**PROBLEM TO WORK ON:** Across the records that follow, how many lines contain the string "Sale"? Answer with the number only.

▼

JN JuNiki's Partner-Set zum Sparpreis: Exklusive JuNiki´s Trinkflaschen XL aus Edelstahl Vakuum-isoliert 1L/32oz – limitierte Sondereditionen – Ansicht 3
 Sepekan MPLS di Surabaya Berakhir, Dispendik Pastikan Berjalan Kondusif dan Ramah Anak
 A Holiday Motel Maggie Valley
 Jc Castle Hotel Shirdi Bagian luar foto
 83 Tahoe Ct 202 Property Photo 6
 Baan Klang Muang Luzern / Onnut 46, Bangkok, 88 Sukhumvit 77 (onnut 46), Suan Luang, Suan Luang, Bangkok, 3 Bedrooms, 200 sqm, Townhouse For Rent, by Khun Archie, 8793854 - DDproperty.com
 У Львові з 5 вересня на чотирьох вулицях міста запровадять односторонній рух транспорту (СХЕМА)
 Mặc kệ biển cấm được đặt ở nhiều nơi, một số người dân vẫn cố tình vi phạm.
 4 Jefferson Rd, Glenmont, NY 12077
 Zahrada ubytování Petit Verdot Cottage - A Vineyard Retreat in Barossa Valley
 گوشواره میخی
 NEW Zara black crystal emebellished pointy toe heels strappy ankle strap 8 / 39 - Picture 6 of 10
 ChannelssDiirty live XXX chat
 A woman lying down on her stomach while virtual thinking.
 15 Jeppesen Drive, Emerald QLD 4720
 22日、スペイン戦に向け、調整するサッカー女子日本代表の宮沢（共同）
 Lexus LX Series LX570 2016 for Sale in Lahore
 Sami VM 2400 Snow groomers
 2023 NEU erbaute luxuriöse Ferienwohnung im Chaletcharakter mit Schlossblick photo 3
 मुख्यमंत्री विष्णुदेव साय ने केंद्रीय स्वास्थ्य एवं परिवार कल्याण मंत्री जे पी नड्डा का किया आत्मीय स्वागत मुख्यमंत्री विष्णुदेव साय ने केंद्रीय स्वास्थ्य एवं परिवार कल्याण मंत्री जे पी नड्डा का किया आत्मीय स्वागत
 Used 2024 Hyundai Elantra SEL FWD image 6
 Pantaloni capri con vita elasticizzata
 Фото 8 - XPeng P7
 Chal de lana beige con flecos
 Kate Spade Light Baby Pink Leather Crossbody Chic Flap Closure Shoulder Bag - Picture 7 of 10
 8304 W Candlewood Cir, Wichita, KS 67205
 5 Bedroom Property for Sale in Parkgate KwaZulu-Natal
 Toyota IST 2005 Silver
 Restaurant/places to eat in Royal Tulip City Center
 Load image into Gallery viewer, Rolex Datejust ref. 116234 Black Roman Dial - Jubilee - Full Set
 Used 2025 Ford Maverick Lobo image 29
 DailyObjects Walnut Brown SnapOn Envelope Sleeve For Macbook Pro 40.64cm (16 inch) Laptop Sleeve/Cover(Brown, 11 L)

▲

**RESPONSE TO THE TASK:** 2